Newsgroup gives a new and relevant angle on the Year 6 literacy requirement to "write in a journalistic style". While most of today's Year 6s seldom read a newspaper, all are familiar with the language of the TV news reporter.
The children watched the demonstration video clip about the rainforest, for which a written commentary was provided. After one of the class had donned headphones and a microphone to tape the commentary, they analysed how it had been composed to work alongside the images. Newsgroup then provided a range of silent footage for which they had to create a similar commentary. Two pupils chose a sequence of film about moon landings and became bogged down in research: "It took a long time to find the stuff we needed. We had to go and look in books." The rest, including James, worked on a sequence called "Couch Potatoes", which illustrated the effects of the TV culture on the nation's health and fitness. This proved a more popular choice, since previous work in health education meant children already had relevant background information to form their commentaries, and were able to focus on matching words to pictures: "That was the best bit," said James' friend, Robert. "It shows what it's like to be a reporter - writing it down and reading it out to make it fit."

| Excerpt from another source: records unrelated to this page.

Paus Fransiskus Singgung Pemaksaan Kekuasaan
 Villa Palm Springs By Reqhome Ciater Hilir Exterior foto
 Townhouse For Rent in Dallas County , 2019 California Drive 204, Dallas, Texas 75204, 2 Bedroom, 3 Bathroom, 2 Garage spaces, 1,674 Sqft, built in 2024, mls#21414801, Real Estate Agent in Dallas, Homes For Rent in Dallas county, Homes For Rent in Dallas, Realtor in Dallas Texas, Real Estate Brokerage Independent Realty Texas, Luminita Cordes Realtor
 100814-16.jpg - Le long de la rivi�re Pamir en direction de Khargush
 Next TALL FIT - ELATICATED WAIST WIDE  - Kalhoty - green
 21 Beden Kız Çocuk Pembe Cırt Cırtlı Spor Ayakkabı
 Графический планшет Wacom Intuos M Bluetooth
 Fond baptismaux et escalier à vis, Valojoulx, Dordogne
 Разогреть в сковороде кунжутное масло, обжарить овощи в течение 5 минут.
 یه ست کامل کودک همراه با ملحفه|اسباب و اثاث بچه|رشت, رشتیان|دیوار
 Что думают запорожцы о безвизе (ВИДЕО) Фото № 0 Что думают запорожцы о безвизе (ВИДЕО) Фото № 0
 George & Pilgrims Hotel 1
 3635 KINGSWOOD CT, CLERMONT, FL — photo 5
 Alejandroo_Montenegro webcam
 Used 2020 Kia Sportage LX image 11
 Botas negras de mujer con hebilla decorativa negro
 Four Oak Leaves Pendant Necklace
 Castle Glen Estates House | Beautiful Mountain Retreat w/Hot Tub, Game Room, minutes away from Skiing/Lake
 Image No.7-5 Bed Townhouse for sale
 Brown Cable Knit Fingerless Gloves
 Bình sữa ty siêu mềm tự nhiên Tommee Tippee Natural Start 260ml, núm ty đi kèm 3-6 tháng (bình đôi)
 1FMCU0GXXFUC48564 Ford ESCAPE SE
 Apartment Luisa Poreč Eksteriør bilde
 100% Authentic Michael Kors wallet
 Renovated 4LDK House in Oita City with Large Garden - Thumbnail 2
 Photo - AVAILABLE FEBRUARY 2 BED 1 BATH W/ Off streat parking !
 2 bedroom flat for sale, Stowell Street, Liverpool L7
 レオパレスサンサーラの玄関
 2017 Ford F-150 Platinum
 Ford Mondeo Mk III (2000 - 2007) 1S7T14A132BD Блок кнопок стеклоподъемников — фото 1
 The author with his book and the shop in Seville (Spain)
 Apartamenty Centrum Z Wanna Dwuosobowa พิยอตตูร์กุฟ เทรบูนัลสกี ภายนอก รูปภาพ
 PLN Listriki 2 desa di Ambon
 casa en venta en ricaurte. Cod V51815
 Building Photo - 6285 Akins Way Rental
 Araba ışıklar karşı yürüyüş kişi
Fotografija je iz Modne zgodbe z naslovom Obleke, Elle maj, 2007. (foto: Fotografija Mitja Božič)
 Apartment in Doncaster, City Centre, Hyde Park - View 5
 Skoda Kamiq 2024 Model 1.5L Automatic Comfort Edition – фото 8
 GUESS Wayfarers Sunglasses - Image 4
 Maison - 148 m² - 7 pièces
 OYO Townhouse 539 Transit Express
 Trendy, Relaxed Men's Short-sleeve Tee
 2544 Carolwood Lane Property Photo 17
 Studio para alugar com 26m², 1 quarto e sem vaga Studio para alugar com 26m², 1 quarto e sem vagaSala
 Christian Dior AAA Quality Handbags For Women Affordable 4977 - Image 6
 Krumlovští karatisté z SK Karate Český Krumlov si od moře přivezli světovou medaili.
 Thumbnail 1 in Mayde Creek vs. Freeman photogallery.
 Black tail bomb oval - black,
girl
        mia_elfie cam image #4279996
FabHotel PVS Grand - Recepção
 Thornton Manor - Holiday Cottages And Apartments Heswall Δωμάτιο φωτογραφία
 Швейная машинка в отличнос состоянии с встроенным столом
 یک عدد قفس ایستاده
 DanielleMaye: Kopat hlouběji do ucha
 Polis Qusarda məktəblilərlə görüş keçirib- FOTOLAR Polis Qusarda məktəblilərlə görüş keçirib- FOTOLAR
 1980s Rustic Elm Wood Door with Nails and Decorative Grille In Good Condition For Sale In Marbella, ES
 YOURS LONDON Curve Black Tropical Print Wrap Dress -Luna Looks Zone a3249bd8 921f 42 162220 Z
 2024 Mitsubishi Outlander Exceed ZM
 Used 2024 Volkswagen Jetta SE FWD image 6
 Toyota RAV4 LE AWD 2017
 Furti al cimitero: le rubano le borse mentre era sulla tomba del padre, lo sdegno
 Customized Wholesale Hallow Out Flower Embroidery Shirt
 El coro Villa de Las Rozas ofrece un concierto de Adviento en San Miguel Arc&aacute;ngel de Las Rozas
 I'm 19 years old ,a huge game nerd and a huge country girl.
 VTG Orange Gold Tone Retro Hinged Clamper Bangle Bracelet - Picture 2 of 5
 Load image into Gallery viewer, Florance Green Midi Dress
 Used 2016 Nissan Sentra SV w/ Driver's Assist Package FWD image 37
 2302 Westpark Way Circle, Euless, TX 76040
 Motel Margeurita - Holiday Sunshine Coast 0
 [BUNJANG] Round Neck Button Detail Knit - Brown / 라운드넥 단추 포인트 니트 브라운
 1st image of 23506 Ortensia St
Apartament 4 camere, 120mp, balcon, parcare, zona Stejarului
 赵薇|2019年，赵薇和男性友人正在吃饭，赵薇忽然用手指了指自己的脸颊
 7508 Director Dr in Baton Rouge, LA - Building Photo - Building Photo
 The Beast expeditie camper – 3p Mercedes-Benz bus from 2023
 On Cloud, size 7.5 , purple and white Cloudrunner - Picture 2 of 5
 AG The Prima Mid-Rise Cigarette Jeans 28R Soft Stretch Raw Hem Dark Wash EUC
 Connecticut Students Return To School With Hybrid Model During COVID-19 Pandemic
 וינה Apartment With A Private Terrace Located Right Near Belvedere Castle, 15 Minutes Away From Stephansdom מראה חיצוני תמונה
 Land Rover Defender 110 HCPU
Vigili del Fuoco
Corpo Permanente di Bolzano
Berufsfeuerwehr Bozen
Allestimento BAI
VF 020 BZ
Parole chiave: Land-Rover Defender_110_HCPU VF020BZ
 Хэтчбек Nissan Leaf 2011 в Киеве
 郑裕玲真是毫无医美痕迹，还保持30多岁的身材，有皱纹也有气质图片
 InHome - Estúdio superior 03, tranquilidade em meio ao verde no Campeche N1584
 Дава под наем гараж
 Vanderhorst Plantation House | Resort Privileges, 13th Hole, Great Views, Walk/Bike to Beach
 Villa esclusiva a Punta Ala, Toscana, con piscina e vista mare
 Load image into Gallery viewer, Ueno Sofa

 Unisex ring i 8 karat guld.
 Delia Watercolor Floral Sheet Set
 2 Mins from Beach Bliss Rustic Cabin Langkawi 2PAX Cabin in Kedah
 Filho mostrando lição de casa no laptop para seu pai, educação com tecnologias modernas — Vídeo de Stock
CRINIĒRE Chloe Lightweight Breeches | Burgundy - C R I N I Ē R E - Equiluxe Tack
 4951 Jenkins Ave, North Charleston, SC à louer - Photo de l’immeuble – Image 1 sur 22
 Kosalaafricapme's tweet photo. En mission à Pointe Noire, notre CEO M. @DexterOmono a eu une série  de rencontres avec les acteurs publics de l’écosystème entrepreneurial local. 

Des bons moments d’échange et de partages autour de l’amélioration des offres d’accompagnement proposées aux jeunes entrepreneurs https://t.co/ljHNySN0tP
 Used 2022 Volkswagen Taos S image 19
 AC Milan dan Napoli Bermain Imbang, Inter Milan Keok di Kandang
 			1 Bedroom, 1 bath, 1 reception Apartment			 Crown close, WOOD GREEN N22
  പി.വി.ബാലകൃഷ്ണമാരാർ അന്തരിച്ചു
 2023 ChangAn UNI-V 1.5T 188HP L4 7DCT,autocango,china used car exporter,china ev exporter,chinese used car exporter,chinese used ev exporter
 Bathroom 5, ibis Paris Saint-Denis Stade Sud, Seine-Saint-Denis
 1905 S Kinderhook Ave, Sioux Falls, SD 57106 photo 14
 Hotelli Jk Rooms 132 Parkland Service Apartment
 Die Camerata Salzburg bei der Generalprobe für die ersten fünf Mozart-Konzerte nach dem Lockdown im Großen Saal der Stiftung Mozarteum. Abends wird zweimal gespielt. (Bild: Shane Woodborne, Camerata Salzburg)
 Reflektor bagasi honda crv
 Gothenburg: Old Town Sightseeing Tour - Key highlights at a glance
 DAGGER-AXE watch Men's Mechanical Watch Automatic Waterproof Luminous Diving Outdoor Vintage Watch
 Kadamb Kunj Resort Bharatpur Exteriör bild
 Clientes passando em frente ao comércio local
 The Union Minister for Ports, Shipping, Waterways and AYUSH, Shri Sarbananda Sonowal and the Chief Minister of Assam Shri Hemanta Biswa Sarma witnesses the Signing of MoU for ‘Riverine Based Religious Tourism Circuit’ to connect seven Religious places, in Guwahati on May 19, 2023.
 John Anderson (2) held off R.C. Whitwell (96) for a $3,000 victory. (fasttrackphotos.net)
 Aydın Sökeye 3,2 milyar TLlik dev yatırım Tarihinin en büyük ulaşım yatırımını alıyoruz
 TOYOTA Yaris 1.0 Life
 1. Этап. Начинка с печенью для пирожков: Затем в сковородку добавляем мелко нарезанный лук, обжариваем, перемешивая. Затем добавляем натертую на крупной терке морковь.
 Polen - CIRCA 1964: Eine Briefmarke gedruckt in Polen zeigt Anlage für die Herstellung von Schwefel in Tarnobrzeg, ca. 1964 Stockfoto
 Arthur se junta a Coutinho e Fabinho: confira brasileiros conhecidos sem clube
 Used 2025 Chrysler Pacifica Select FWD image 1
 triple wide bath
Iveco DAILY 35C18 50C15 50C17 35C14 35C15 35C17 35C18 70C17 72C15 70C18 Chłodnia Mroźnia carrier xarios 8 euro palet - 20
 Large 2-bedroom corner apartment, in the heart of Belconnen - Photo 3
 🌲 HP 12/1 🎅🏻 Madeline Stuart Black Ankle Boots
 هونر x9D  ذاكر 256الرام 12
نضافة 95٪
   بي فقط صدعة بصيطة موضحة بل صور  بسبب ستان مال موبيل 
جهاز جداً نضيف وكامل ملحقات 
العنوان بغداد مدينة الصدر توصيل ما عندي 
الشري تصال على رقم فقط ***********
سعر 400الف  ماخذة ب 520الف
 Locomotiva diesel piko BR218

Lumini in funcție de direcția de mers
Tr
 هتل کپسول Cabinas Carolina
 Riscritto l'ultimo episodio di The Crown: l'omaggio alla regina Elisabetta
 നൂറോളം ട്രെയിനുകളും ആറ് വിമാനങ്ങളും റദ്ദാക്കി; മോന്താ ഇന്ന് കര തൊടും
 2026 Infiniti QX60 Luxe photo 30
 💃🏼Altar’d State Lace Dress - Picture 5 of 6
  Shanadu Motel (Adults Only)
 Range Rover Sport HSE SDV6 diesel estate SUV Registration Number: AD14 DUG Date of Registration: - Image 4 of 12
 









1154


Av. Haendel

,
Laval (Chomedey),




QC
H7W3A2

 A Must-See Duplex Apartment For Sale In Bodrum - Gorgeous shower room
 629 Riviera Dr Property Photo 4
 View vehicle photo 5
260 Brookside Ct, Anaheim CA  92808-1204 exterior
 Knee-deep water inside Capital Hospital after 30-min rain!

They timed the video (abou a minute long), then pairs of children drafted commentaries on paper. One child then recorded the words as the other played the video clip. Making a commentary work alongside a moving image proved a diverting discipline, providing a new dimension for editing skills. "You had to change it a lot and swap things round," said one girl, "and that's easier to do on the computer than handwriting it." Most pairs needed three or four attempts, and by the time he'd finished polishing his Couch Potato message, James had made a firm resolution to cut down on fatty snacks during evening viewing. The children's teacher, Margaret Mullen, was impressed with the resource. "It was certainly motivating," she said. "They loved the thought that they were writing a television report, and the Couch Potato footage was very relevant to them."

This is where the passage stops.